# Shiny PR Threads - How U Do DAT?



## LL Woodworks (Jun 10, 2012)

Good morning Pen Makers - I have two questions this morning.
 1) I've noticed the finish on external threads is very good from pic displayed on this forum. I'm having extreme difficulty getting threads to look "finished". They are dull and even white in some cases. What is a good method of buffing / polishing threads - M12 x 0.75 or 1/2-20?

2)  What is the  best diameter to make 1/2-20 external threads.  My research produced .450  (.5-.05) but this seams a bit small and the threads aren't tight.

Once again thanks for all the help.


----------



## cwolfs69 (Jun 10, 2012)

LL Woodworks said:


> Good morning Pen Makers - I have two questions this morning.
> 1) I've noticed the finish on external threads is very good from pic displayed on this forum. I'm having extreme difficulty getting threads to look "finished". They are dull and even white in some cases. What is a good method of buffing / polishing threads - M12 x 0.75 or 1/2-20?
> 
> 2)  What is the  best diameter to make 1/2-20 external threads.  My research produced .450  (.5-.05) but this seams a bit small and the threads aren't tight.
> ...


external threads are the thread size; 1/2, .500; 3/8, .375; etc. 
your class of fit is determined by the depth of thread you cut.


----------



## Brooks803 (Jun 10, 2012)

The way to get your threads shiny is to fullly polish your tenon before you cut the threads. I also cut that relief at the base of the threads at this time. Polish that too.
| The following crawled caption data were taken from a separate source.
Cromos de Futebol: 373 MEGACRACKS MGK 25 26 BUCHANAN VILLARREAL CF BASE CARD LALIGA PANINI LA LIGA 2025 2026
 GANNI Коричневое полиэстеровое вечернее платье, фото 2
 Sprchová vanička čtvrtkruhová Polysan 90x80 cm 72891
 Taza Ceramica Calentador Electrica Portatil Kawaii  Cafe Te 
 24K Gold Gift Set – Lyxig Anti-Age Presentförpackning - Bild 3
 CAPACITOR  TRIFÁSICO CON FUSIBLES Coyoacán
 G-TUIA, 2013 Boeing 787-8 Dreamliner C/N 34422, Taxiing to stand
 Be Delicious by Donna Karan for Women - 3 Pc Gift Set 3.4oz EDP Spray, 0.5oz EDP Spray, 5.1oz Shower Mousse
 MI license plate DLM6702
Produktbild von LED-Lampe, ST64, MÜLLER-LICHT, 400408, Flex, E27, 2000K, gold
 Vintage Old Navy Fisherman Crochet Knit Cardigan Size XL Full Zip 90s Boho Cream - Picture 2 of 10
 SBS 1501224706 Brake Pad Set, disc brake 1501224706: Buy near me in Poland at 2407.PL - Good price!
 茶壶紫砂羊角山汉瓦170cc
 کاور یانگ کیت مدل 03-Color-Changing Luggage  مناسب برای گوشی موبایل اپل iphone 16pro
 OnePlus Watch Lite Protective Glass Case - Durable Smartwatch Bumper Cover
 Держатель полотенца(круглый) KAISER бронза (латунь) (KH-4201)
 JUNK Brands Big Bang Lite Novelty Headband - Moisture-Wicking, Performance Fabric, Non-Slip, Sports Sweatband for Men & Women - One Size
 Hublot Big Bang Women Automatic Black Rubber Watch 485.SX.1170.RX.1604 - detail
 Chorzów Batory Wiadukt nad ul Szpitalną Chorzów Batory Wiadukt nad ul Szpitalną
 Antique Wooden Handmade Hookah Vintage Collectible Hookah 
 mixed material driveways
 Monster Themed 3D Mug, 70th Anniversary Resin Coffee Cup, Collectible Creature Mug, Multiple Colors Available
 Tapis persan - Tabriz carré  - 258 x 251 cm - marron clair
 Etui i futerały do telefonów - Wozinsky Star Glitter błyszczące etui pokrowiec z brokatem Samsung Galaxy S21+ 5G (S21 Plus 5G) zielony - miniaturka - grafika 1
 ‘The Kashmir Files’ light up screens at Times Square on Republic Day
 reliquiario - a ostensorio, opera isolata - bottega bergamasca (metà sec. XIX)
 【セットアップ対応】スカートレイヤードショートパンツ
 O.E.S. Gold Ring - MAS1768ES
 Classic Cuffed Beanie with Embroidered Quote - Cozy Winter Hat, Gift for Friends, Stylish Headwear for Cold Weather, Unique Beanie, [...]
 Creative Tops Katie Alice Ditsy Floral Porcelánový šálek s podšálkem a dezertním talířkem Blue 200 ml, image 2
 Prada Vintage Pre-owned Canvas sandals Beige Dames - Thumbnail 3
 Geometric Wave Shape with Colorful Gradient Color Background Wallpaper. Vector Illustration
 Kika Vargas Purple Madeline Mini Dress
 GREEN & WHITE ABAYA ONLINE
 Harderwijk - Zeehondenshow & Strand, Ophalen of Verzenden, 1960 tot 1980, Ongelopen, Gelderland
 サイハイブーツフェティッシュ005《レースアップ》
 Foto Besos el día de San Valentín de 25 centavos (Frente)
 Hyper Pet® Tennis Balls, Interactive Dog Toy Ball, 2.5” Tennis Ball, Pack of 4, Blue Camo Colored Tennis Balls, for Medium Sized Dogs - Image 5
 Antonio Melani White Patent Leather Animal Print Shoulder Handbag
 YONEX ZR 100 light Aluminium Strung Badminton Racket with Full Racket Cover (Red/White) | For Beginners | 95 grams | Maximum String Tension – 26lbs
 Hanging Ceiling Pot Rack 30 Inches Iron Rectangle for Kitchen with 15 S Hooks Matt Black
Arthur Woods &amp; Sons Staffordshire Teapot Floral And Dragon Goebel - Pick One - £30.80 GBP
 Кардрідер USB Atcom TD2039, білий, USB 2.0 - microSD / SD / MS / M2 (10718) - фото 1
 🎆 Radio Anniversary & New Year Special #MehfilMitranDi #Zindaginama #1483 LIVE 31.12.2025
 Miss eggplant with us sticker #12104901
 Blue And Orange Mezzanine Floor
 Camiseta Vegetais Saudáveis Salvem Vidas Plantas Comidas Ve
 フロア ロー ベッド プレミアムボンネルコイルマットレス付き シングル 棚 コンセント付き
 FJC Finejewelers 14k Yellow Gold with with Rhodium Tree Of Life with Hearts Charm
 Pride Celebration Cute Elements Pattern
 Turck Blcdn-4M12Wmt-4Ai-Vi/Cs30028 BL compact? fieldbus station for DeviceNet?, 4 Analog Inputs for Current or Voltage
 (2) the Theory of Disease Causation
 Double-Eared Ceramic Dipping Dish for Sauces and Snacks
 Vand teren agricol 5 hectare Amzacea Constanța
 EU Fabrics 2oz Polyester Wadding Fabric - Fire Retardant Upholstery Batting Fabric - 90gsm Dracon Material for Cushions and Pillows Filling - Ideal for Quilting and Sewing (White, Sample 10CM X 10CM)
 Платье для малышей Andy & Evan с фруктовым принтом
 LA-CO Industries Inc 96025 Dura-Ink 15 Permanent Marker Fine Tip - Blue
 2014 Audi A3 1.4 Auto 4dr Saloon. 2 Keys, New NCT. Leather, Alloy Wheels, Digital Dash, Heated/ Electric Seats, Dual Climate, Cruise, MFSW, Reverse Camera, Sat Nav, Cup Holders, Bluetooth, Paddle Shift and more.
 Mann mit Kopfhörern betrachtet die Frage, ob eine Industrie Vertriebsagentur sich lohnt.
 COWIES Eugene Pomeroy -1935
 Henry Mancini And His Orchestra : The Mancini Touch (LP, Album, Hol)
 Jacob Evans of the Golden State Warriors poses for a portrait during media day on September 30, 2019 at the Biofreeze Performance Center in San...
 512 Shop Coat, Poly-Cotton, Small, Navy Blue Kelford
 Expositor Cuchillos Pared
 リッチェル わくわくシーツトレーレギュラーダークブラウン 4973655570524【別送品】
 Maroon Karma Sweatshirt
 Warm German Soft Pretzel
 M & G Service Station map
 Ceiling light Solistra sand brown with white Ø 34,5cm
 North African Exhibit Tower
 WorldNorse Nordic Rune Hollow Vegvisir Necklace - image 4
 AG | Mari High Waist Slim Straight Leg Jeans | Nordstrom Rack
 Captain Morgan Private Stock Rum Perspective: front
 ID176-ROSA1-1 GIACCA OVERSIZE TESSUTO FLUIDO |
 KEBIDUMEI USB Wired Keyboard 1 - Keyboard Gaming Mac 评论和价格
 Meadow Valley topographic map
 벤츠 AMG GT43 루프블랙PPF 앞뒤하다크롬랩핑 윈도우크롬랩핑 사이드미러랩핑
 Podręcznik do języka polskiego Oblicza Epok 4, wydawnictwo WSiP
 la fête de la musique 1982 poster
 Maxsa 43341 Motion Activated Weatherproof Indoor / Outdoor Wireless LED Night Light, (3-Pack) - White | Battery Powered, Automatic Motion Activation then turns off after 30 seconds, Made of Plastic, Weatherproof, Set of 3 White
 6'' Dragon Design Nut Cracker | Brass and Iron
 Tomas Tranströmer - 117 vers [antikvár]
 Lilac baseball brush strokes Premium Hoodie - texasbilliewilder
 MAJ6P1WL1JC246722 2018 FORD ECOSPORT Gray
The best way I've found to get any dust/debris from the inside of the threads is to put it in a ultrasonic cleaner.


----------



## LL Woodworks (Jun 10, 2012)

Just to clarrify - My questions above were concerning external threads on PR.


----------



## Brooks803 (Jun 10, 2012)

Doesn't change what I had to say


----------



## bluwolf (Jun 10, 2012)

I've used an old toothbrush with plastic polish on it, while it's spinning. Works well for me.

Mike


----------



## Texatdurango (Jun 10, 2012)

After polishing the tenon, I dab of canola oil on the tenon while cutting the threads gives you some nice smooth threads rather than the white crumbly looking threads you get if you don't use any lubricant while threading.  Then as Mike above, I hit the threads with a toothbrush and some Novus polish after threading.


----------



## Robert111 (Jun 10, 2012)

LL Woodworks said:


> Good morning Pen Makers - I have two questions this morning.
> 1) I've noticed the finish on external threads is very good from pic displayed on this forum. I'm having extreme difficulty getting threads to look "finished". They are dull and even white in some cases. What is a good method of buffing / polishing threads - M12 x 0.75 or 1/2-20?
> 
> *2)  What is the  best diameter to make 1/2-20 external threads.  My research produced .450  (.5-.05) but this seams a bit small and the threads aren't tight.*
> ...



I read a post once by Ken Cavers (DrGoretex) who said he subtracted .2 mm from the nominal thread size for the male threads on a tenon. So the tenon for M12 threads would be about 11.8 mm. Seems to work for me.


----------



## Curly (Jun 10, 2012)

LL Woodworks said:


> 2)  What is the  best diameter to make 1/2-20 external threads.  My research produced .450  (.5-.05) but this seams a bit small and the threads aren't tight.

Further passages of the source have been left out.